Warren Blier, a meteorologist for the National Weather Service in Monterey, said that although the Bay Area and other parts of Northern California haven’t necessarily seen pervasive hot weather like other parts of the state, it has been warmer than usual and definitely drier. He said one large reservoir in southern Monterey County, Lake San Antonio, is at only about 4% of capacity.

Stuart Seto, a specialist for the National Weather Service in Oxnard, said the last two years have been the driest on record for downtown L.A., with less than 12 inches of rain total. An average year is about 15 inches, he said.

The months of May and June were actually the warmest on record for planet Earth, Seto said.

Until June, every month this year had been significantly hotter than normal in L.A., said Bill Patzert, a climatologist for the Jet Propulsion Laboratory in La Cañada Flintridge.

January was four degrees above normal, February more than two degrees, March about four degrees, April almost two degrees and May almost five degrees hotter than average. June’s temperatures ended up about average for L.A., Patzert said.

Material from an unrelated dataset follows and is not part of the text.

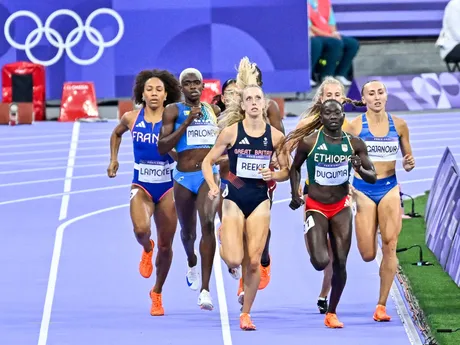 Gabriela Gajanová (vpravo) počas semifinálového behu na 800 metrov na OH v Paríži 2024.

It remains to be seen how July will turn out, but August and September are two of Southern California’s hottest months, said Patzert, who calls the latter “the heat wave month.”

The fact that it’s also been dry for at least three years straight in much of the state has worsened an already difficult situation. The agricultural industry is facing $1 billion in lost revenue this year from the state’s worst drought in decades and might have to pay about $500 million for additional groundwater pumping.

Times staff writer Joseph Serna contributed to this report.